KUMALANEWS.ID, KUTAI KARTANEGARA – Dalam setiap rangkaian Erau Adat Kutai Kartanegara Ing Martadipura, selalu hadir satu tarian sakral yang menjadi bagian penting dari ritual Bepelas, yakni Tari Dewa Memanah.
Tarian ini merupakan warisan sakral Kesultanan Kutai Kartanegara Ing Martadipura. Gerakannya menggambarkan sosok Dewa yang melepaskan panah ke empat penjuru mata angin sebagai simbol untuk mengusir gangguan dari dimensi lain, memohon keselamatan, serta restu agar jalannya ritual berlangsung lancar.
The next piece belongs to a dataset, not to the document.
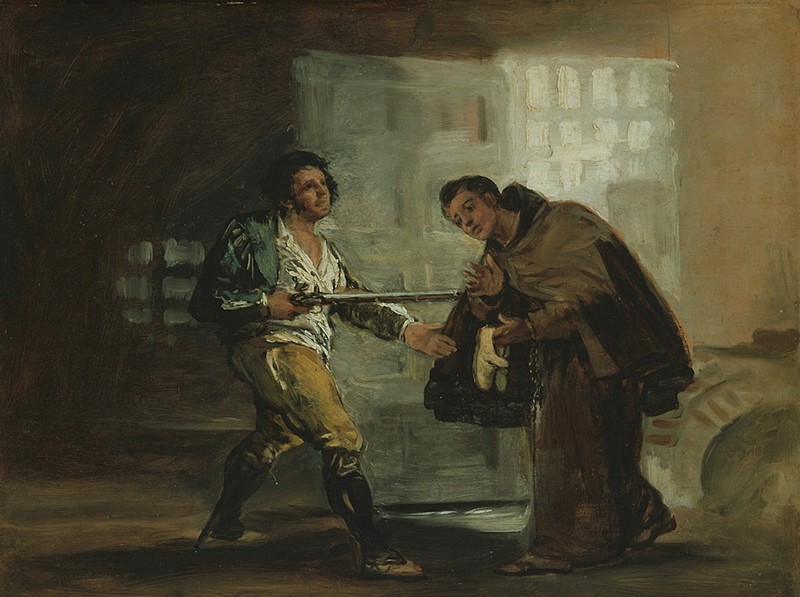 Friar Pedro Pushes El Maragato’s Gun Aside (Fray Pedro de Zaldivia desvía el arma del “Maragato”)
Tari Dewa Memanah yang dibawakan penari perempuan, Dewa Belian, pada malam ritual sakral Bepelas Sultan. (Foto. Dok: Awal)
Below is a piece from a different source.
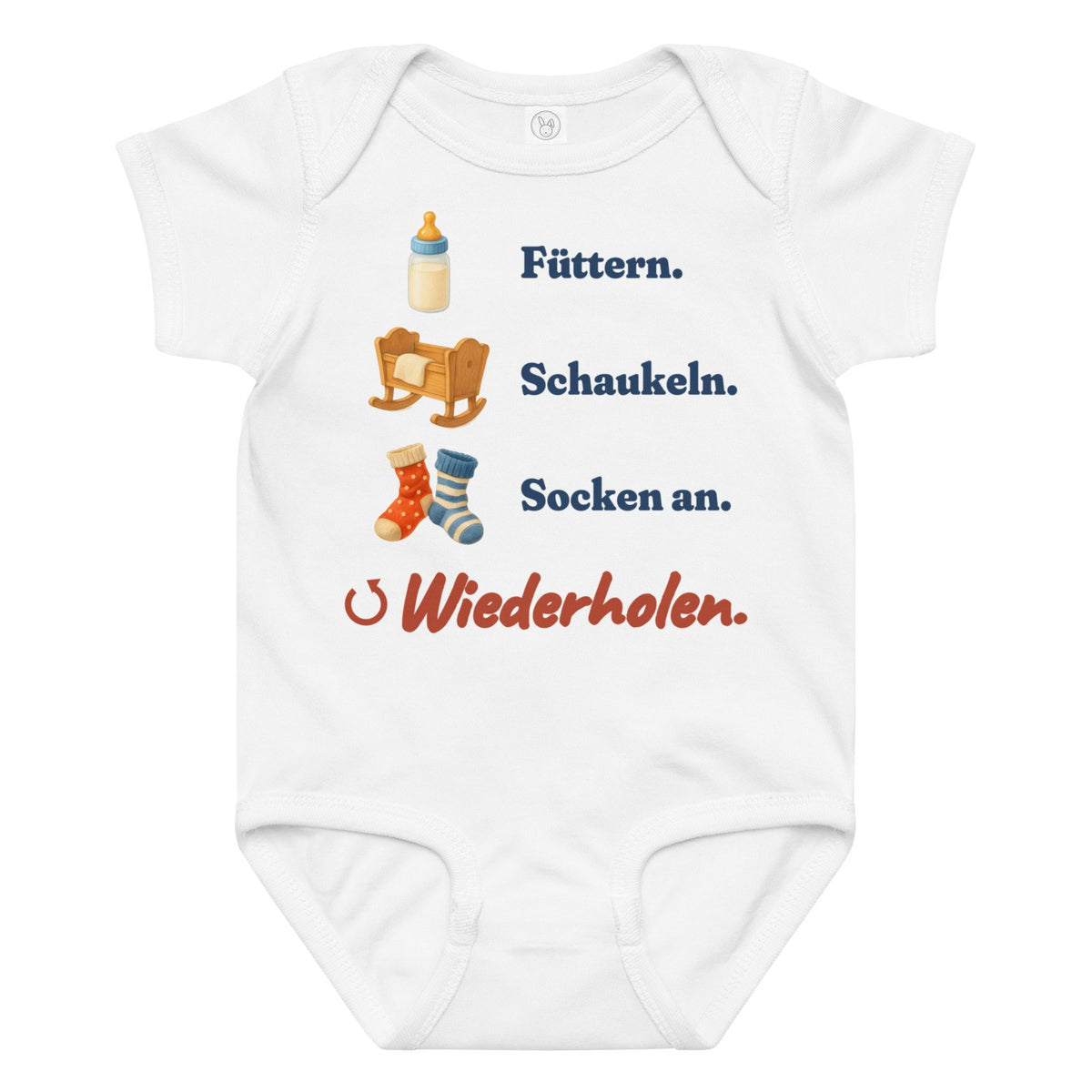 Füttern. Schaukeln. Socken an. Wiederholen. — Baby-Body – Produktfoto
Tari Dewa Memanah dibawakan oleh penari perempuan yang disebut Dewa Belian. Dalam prosesi, penari menggunakan busur dan anak panah berujung tujuh cabang api yang melambangkan kekuatan dan perlindungan. Panah dilepaskan ke arah hulu sungai, muara sungai, matahari terbit, dan matahari terbenam. Setiap gerakan mengandung makna kepahlawanan, ketekunan, serta perlindungan bagi masyarakat.
Suasana sakral semakin terasa ketika tarian diiringi alunan gamelan. Dalam beberapa prosesi, iringan dapat berupa lantunan mantra dan ritme tubuh, menambah kekhusyukan jalannya ritual.
Lebih dari sekadar ritual pengusir marabahaya, Tari Dewa Memanah juga dimaknai sebagai upaya menjaga keseimbangan antara manusia dan alam, serta harmoni antara alam dengan Sang Pencipta.
Melalui festival Erau yang rutin digelar, Tari Dewa Memanah terus dilestarikan dan diwariskan kepada generasi muda. Hal ini menjadi bagian penting dari upaya menjaga warisan budaya tanah Kutai agar tetap hidup di tengah masyarakat.